• **INSTRUCTIONS FOR THE TASK**: Would you repeat word for word the lines of the listing that follows, from the one with "PROJECT H logo" up to and including the one with "Cannes Sorrento Denim Sofa espresso legs 5", and leave out the images?

• **EXTRACTED MATERIAL**:
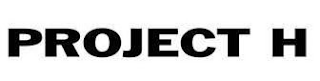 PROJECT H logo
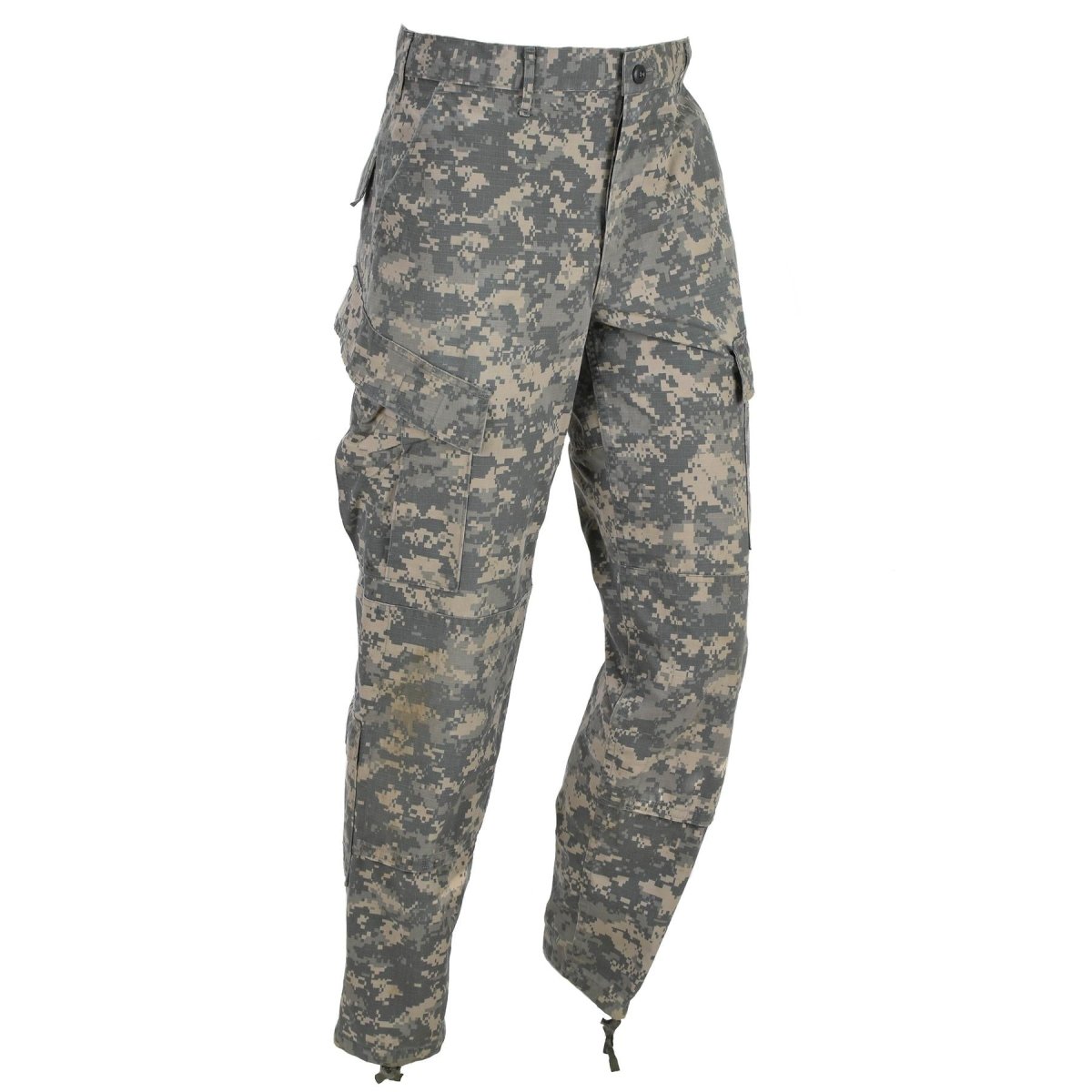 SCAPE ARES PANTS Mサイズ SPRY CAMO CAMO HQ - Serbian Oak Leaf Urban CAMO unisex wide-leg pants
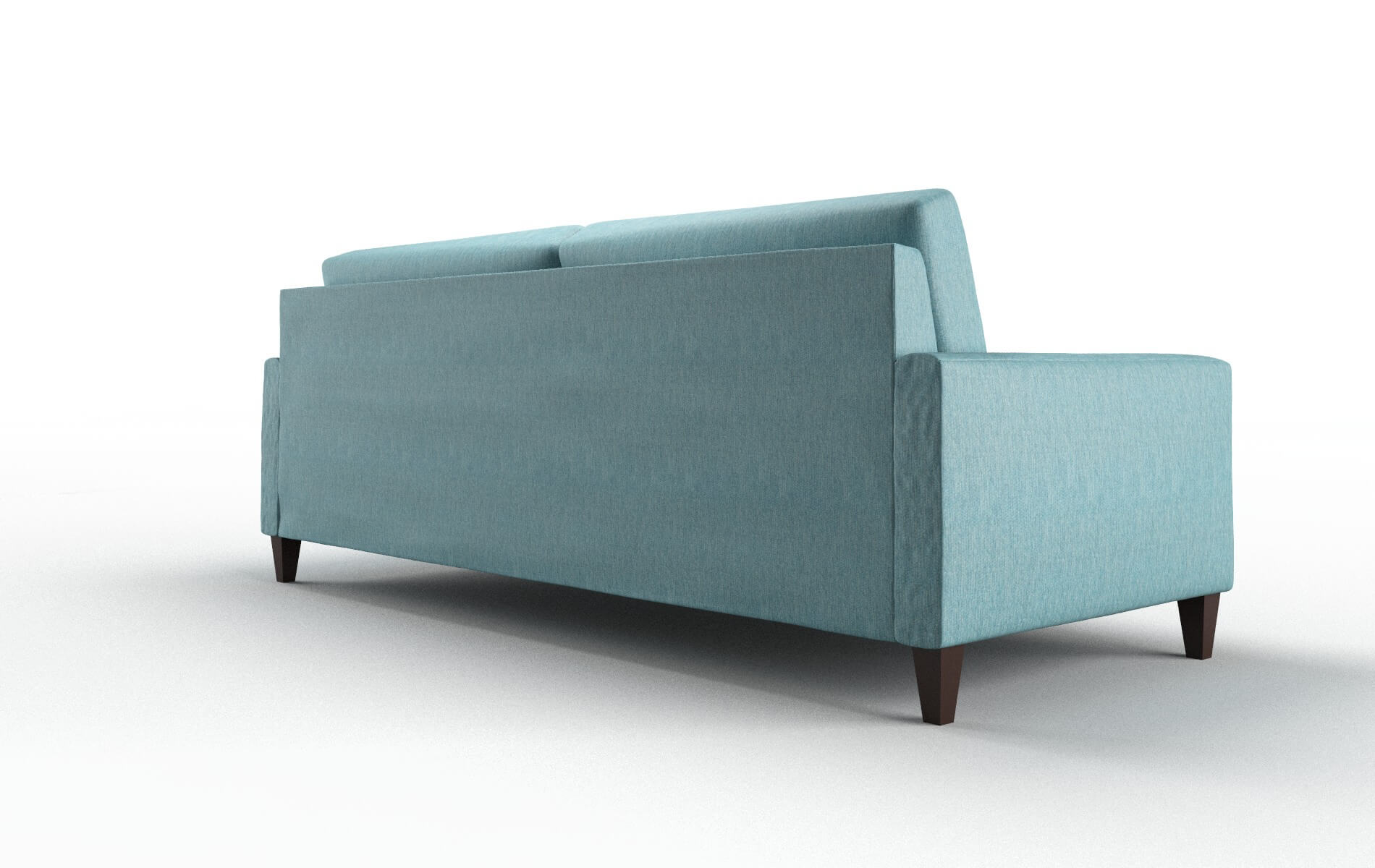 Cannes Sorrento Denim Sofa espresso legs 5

* * *

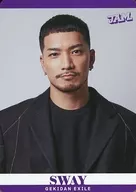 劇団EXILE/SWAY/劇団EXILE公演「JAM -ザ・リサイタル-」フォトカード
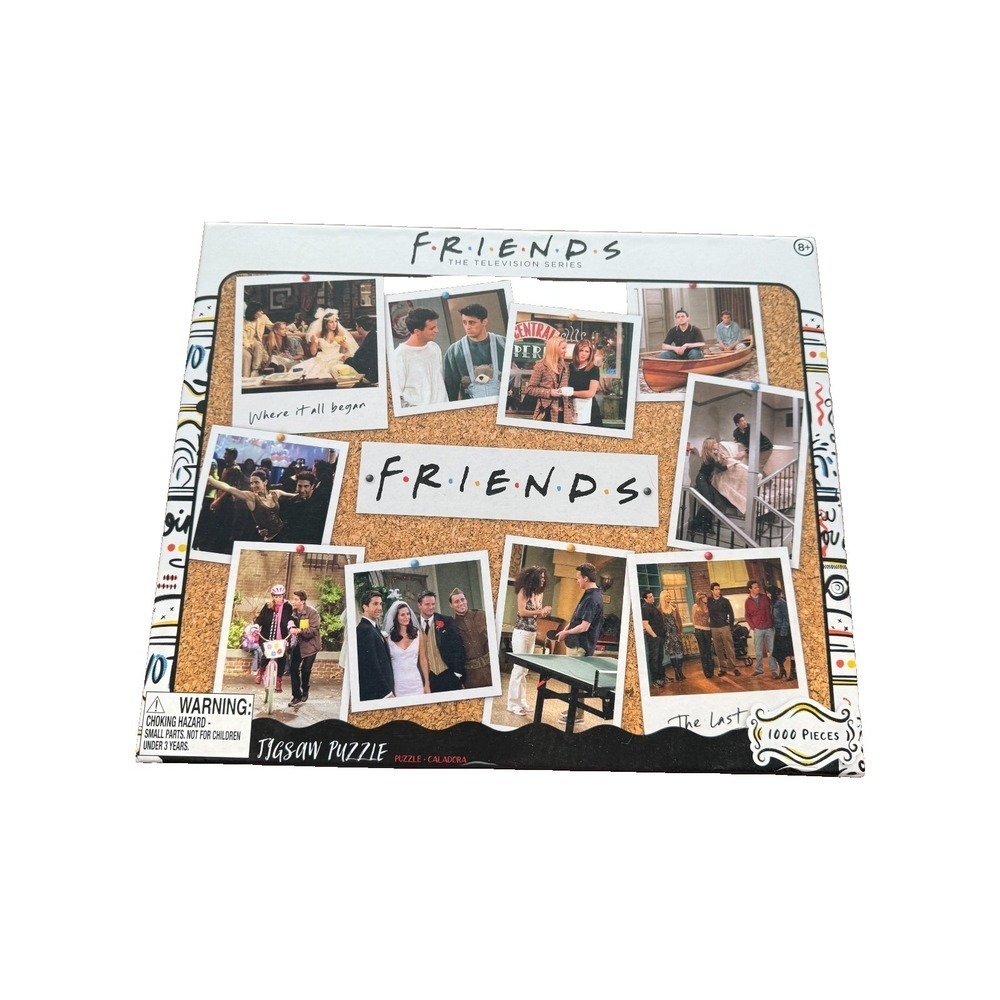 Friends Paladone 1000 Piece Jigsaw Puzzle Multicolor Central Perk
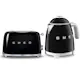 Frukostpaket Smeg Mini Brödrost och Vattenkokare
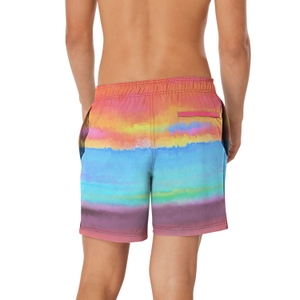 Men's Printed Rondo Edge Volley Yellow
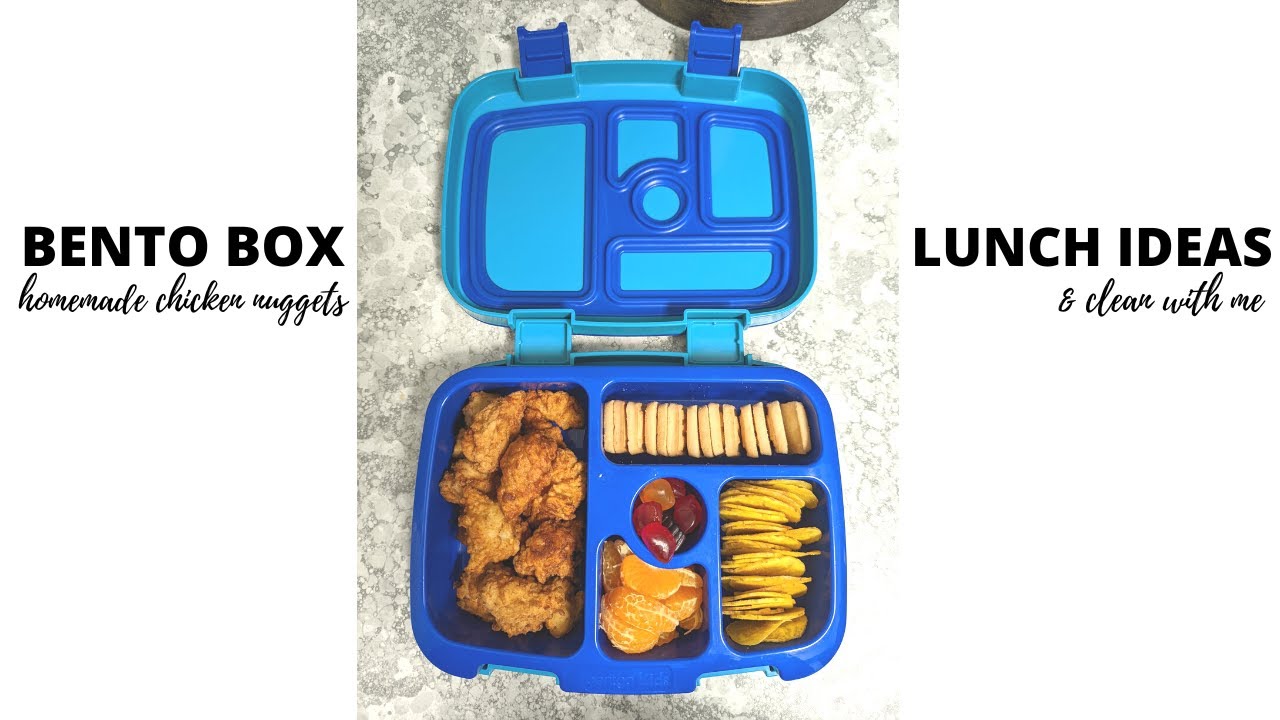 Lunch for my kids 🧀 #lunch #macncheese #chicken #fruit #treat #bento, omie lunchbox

• **TASK RESPONSE**:
 PROJECT H logo
 SCAPE ARES PANTS Mサイズ SPRY CAMO CAMO HQ - Serbian Oak Leaf Urban CAMO unisex wide-leg pants
 Cannes Sorrento Denim Sofa espresso legs 5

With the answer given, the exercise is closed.